Not to be confused with public utility. In economic theory, utility is a numerical representation of the satisfaction, preference or value a person assigns to goods, services or outcomes. Economists use the concept to model and predict choices: higher utility indicates a preferred option. The term "utils" is sometimes used informally to label units of utility, but there is no single objective scale. For general background see economics.
Core ideas and terminology
Utility can be treated in different ways depending on the model. Total utility denotes the overall satisfaction from a bundle of goods. Marginal utility is the change in total utility from a small increase in consumption of one good. A common empirical regularity is diminishing marginal utility: each additional unit of a good typically adds less satisfaction than the previous unit. When models assign numerical values that permit arithmetic comparisons, the approach is called cardinal utility; when only the ordering of preferences matters, it is called ordinal utility. Expected utility combines preferences with probabilities to model choices under uncertainty.
Typical concepts (short list)
- Utility function: a mathematical mapping from outcomes or bundles to numbers representing preference intensity.
- Marginal utility: incremental satisfaction gained from one more unit of a good.
- Diminishing marginal utility: reduction in marginal utility as consumption increases.
- Expected utility: the probability-weighted average of utilities across possible outcomes.
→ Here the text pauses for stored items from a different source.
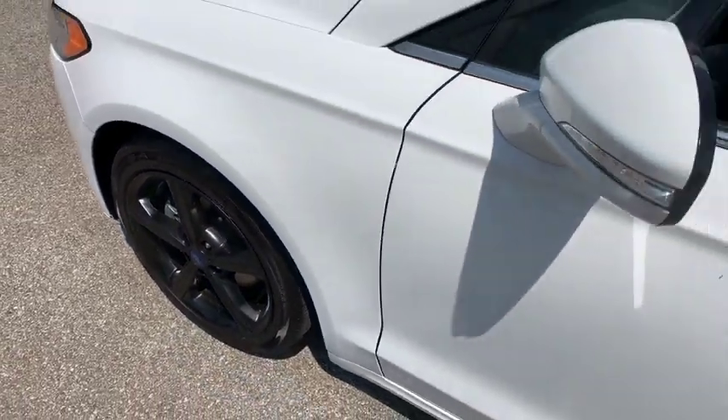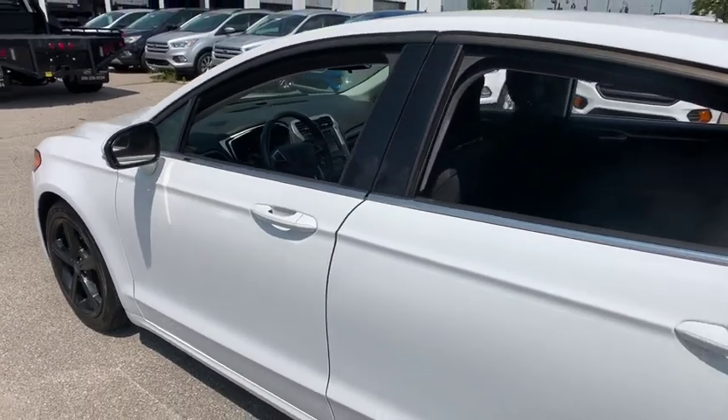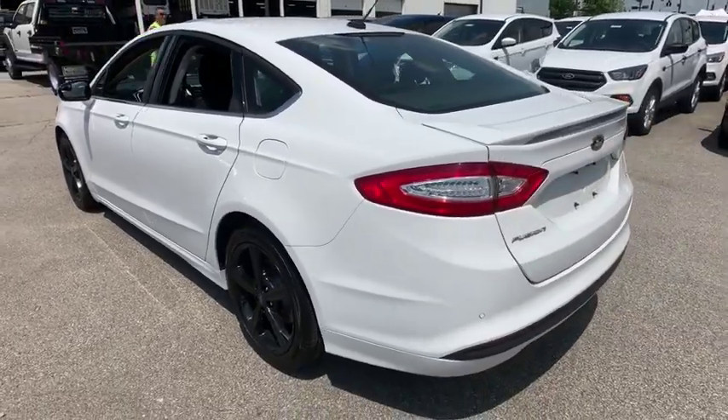2016 Ford Fusion. You can have both impressive power and great economy in a Fusion. This vehicle has less than 50,000 miles. Here are some of this vehicle's great options.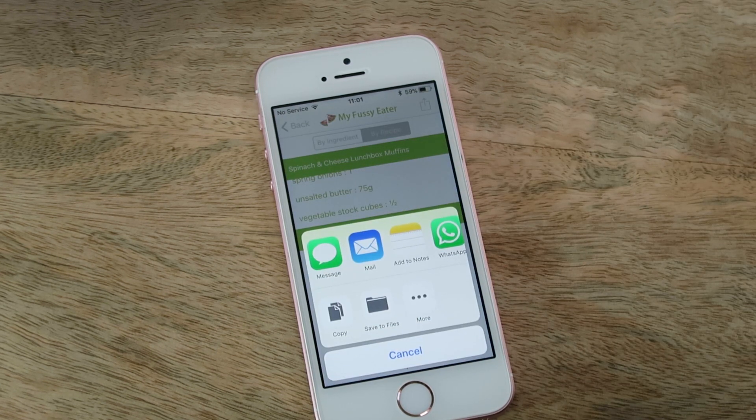It also gives you an option to send and save the shopping list to somewhere else on your phone, including your notes. I really hope this app helps you in planning and shopping for your family meals, and I can't wait to hear your feedback.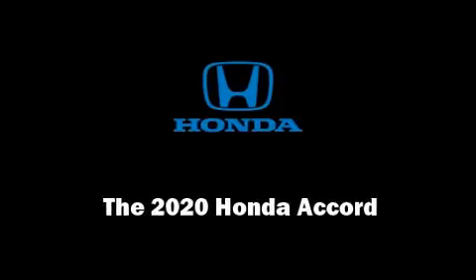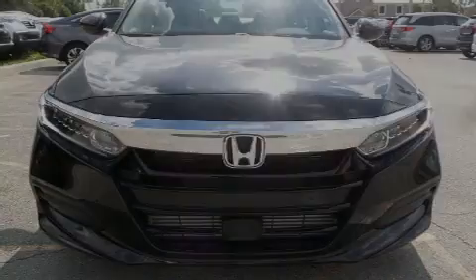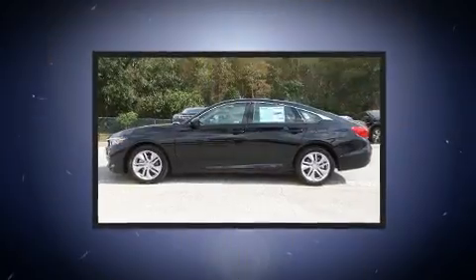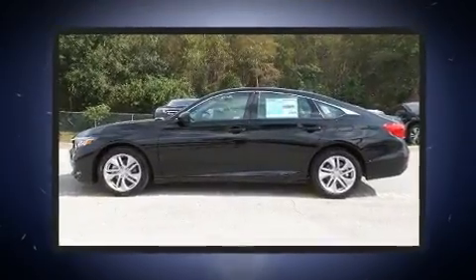Sensibility and practicality define the 2020 Honda Accord. This four-door, five-passenger sedan will allow you to take command of the road with confidence.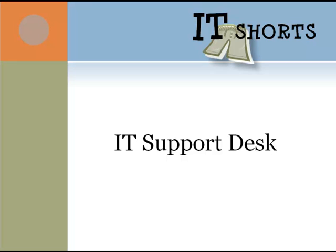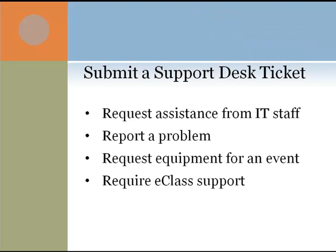The IT Support Center uses an online ticketing system to manage requests. If you need assistance from IT, if you want to report a hardware or software problem, if you want to request equipment for an event, or if you need support with eClass, you can submit an IT Support Desk ticket.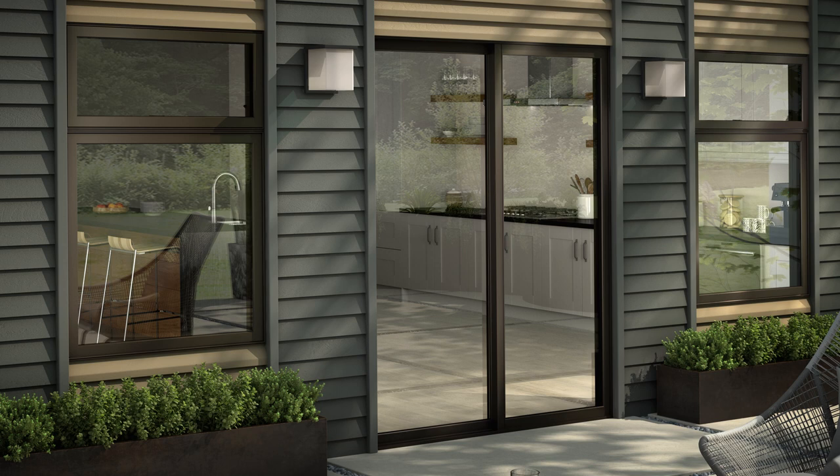Hi, I'm Jim Ballard, owner of Window World of Phoenix. Here on our patio doors we offer a variety of styles, colors, and sizes.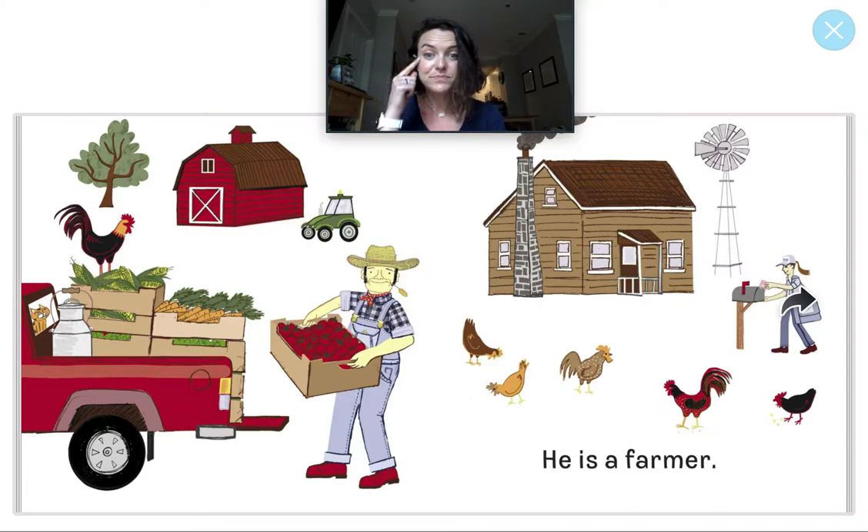Let's get ready for I Spy. I see something that's a vegetable. It's orange and it's long — it's in the back of the truck. That's right, I see a carrot! A carrot is long and orange and it's a vegetable. There's some other vegetables here too — tomatoes and corn. Yummy! And I see the mail carrier is delivering an invitation to the farmer. I wonder who will get an invitation next.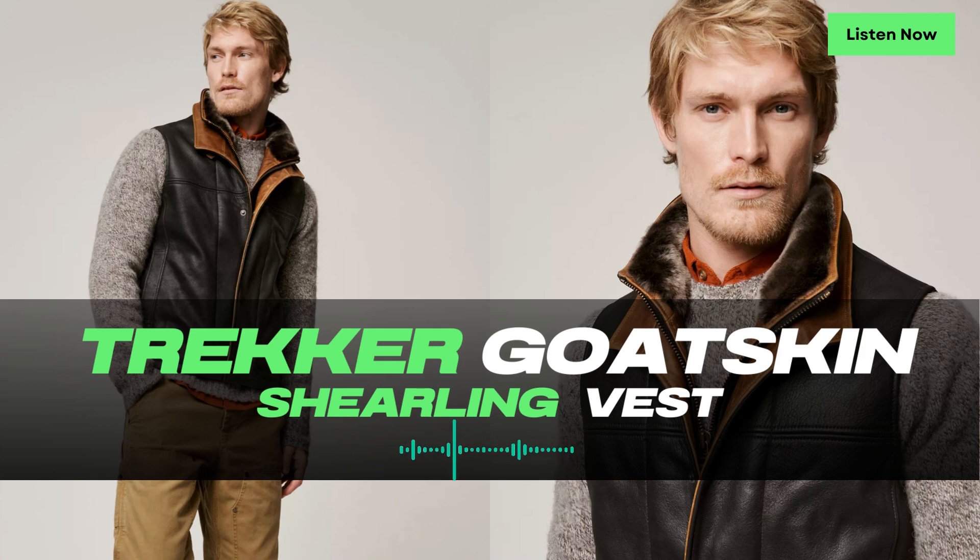When it comes to storage, the Trucker Vest offers convenient hand pockets, allowing you to keep your essentials within easy reach. Whether it's your phone, keys, or small outdoor gear, these pockets provide secure storage options. The Trucker Goatskin Leather Vest with Merino Shearling Collar seamlessly combines practicality with city style, making it a versatile piece for outdoor adventures — whether you're hiking through rugged terrain or exploring the urban jungle.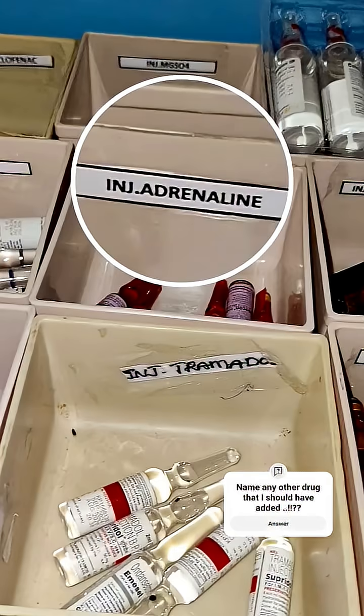The first one is adrenaline, or epinephrine — this is the star of emergencies. It is used in cardiac arrest, anaphylaxis, and severe asthma attacks. It acts fast by stimulating the heart and opening the airways, and is given IM or IV depending on the situation.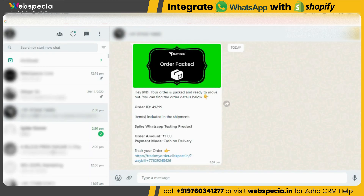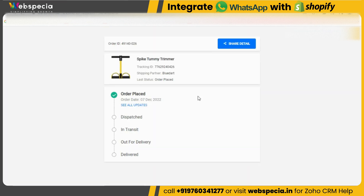Let's go to WhatsApp — here you can see the message I just received confirming that the order has been packed and is ready to move. You can also see the tracking link included. Let's click on the tracking link to check the order tracking — here you can see all the tracking details.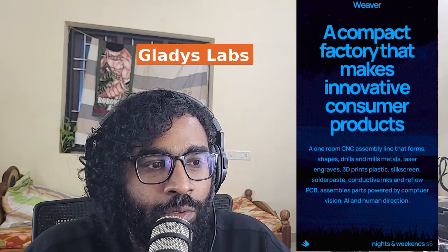Hello everyone, my name is Solomon and I'm building Weaver, a compact factory for making PCBs, machine parts and robots.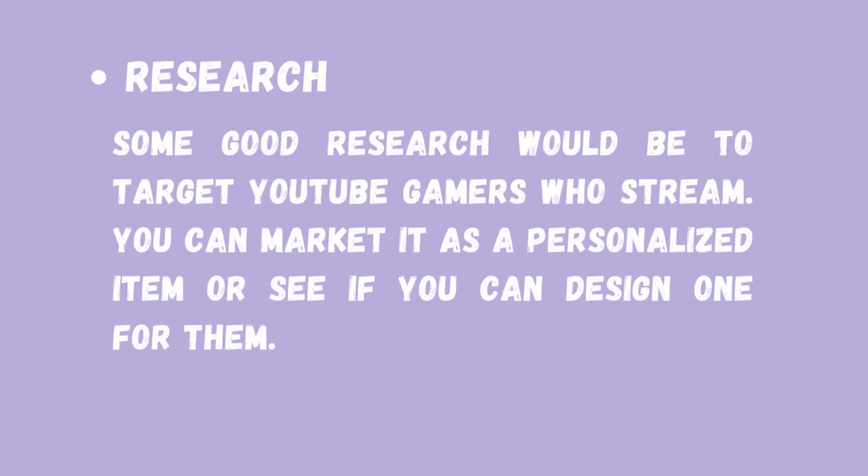Some good research for this one would be to target some YouTube gamers who stream. You can also market this as a personalized item, or see if you can design one for them.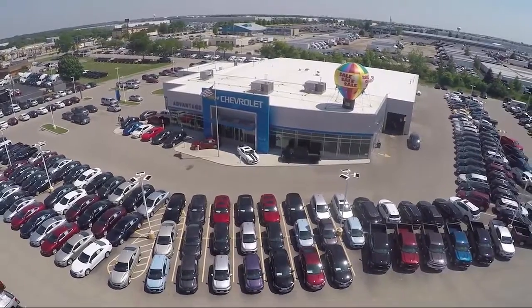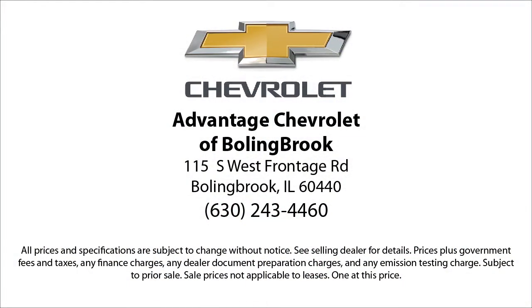Here at Advantage Chevrolet of Bolingbrook, we can't be beat, so visit us today. We are conveniently located just off I-55 on Route 53, South Bolingbrook exit 247.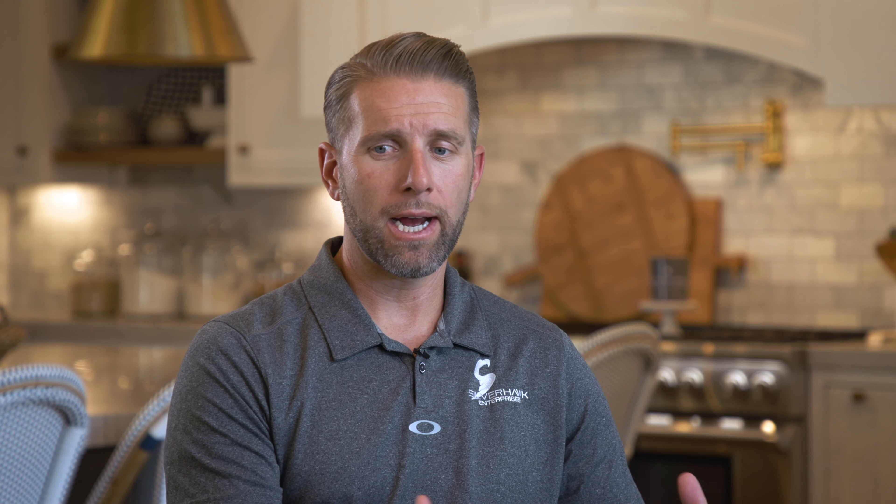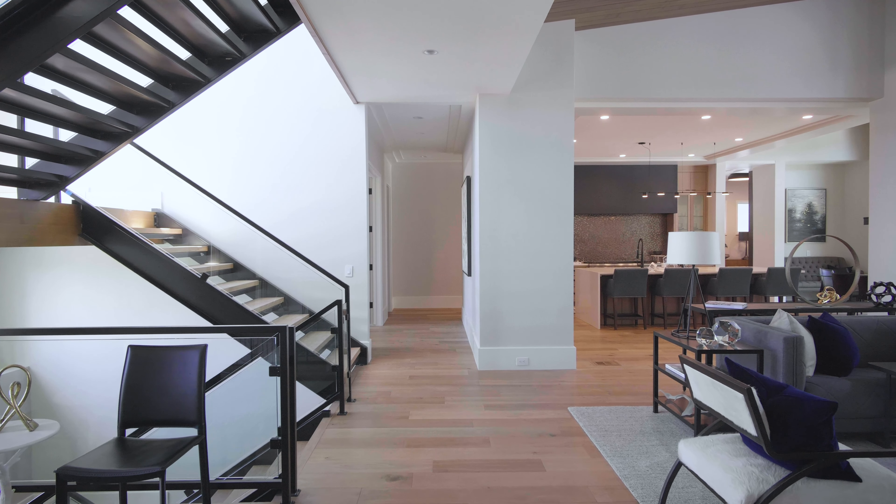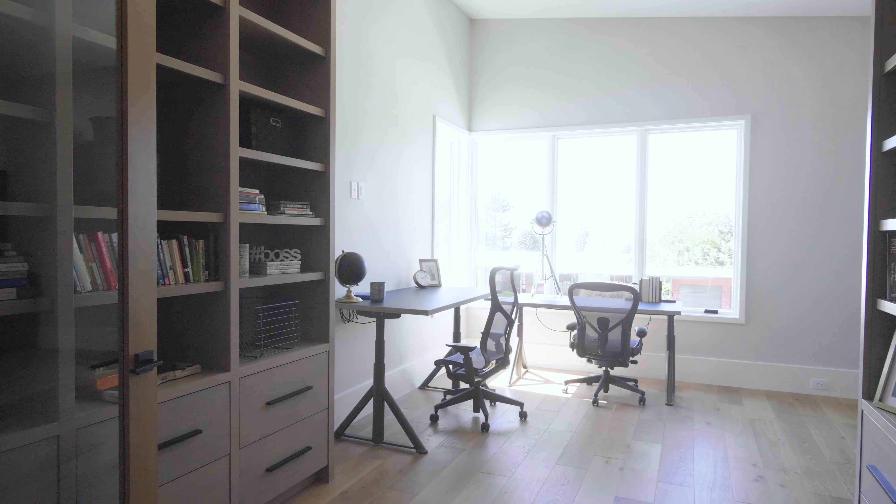In that house we had a designer who did a real good job for us — very well versed in that type of modern architecture and design. Between the homeowner, the designer, and us, we were able to synergize and work together and give the homeowner creative control, and that's what we do.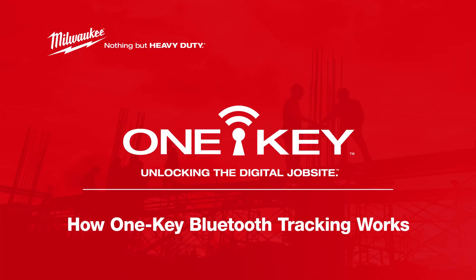Milwaukee Tool leads the industry with the largest Bluetooth tracking network that helps users find tools and equipment on and off the job site. But what is a Bluetooth tracking network and how does it work?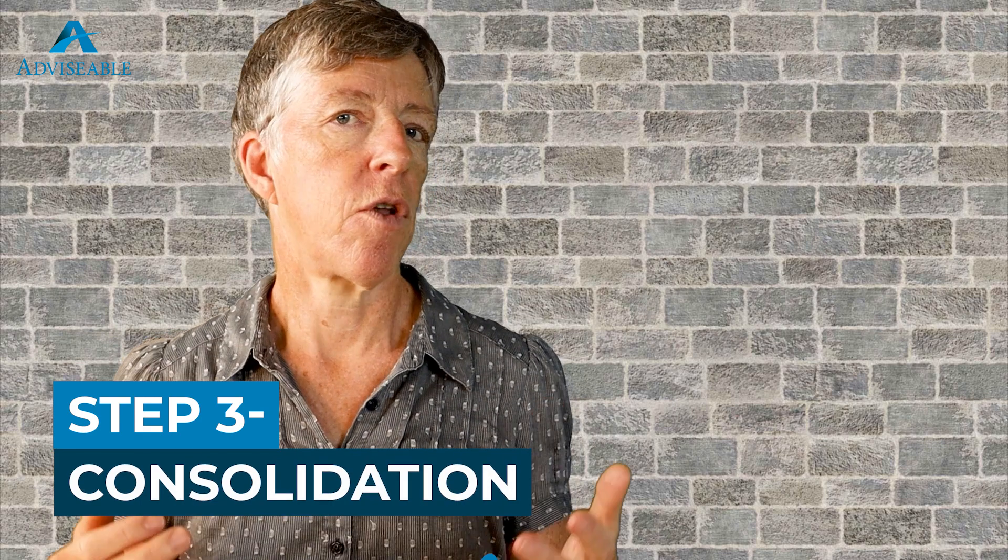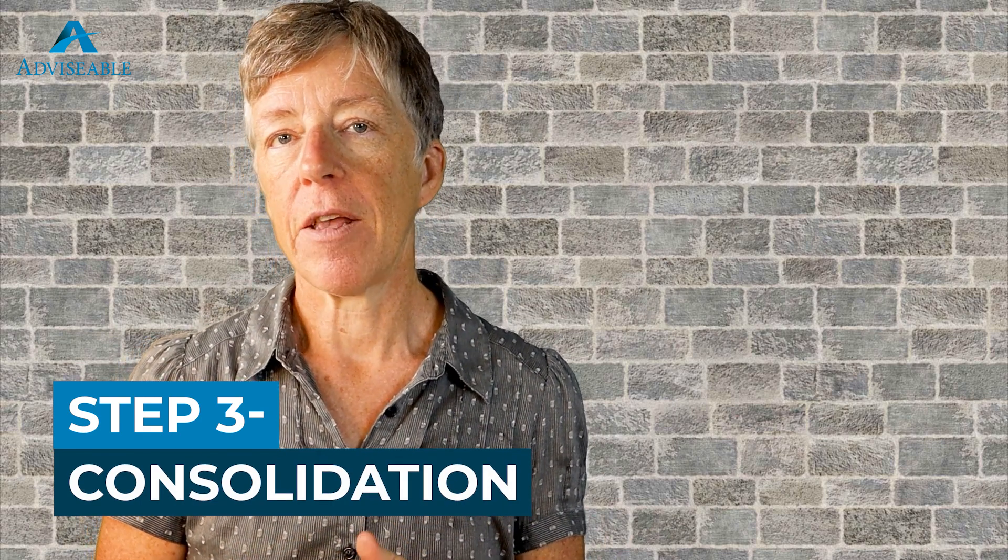Step three is called the consolidation phase. The consolidation phase in property investing is the stage where you shift your focus from just acquiring more and more property to maximizing the returns from that existing portfolio. During this phase, you might opt to sell underperforming properties, improve existing properties to increase their value and rental income, or refinance properties to reduce debt or extract equity for further investment opportunities. One of the primary goals of the consolidation phase is to optimize the cash flow generated by your property portfolio — you've done all the hard work of acquiring it. You may re-evaluate rental rates, reduce expenses, and negotiate with lenders to obtain more favorable loan terms to increase your net income.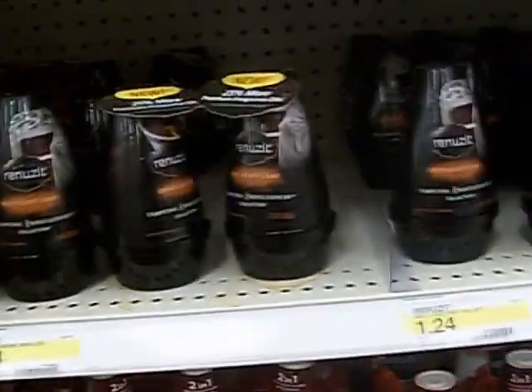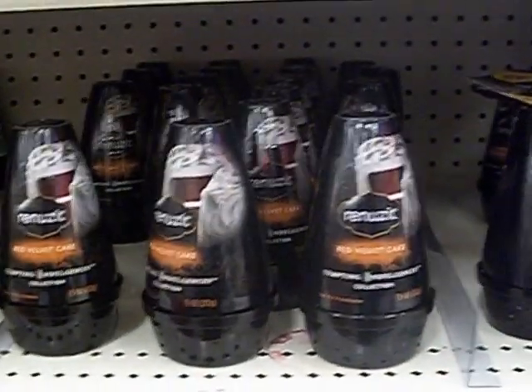They're at Target. Have a great day, and if I see any other sales I will let you know. Take care, bye!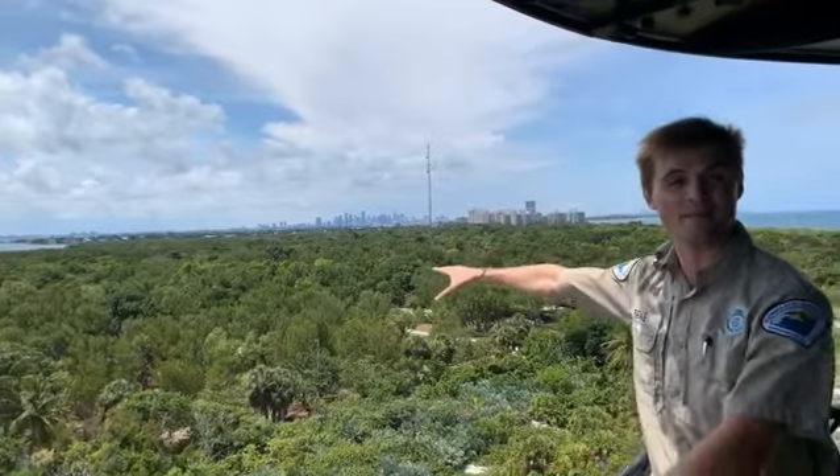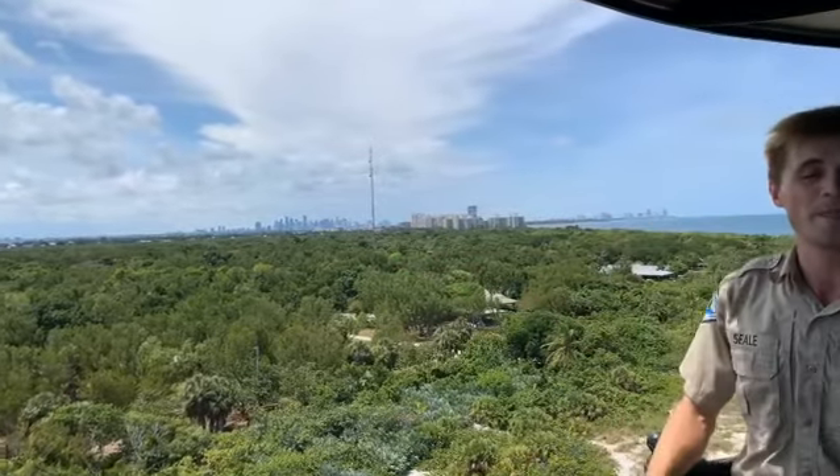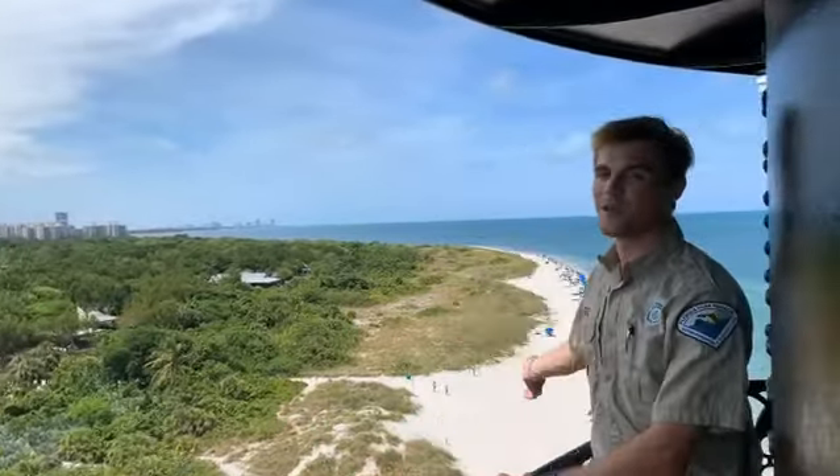In the distance, of course, you can see downtown Miami and South Beach, and my favorite part of the view from the balcony is our world-famous beach.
Simple examples help illustrate the idea: choosing between a cup of hot chocolate and a cup of orange juice involves comparing the utilities of each good. A consumer might judge hot chocolate to yield more satisfaction than orange juice; this comparative judgment can be represented numerically for modeling purposes. See goods and products for context: goods and products, and an example beverage reference: hot chocolate.
History and development
The utility concept grew from moral and economic discussions about welfare and choice. Early philosophical uses of "utility" appear in utilitarian moral theory as a measure of pleasure and pain. In economics, the marginalist revolution shifted attention to marginal utility and how it determines demand. Later formalizations introduced utility functions and expected utility theory to handle risk and strategic interaction.
Uses, importance and limits
Utility underpins many parts of economics: consumer demand analysis, welfare comparisons, public policy evaluation and decision theory under risk. The idea that money has utility—often with diminishing marginal utility of wealth—is widely used to explain behavior under uncertainty and to justify progressive taxation or insurance. For discussion of money-related preference, see utility of money.
There are important caveats. Utility measures are theoretically useful but not directly observable; interpersonal comparisons of utility are problematic without strong assumptions. While cardinal utility can simplify analysis in some models, many results can be derived using ordinal preferences alone. Economists choose the formulation that best fits the question: simple ranking for choice, cardinal or expected utility for evaluating risk and welfare.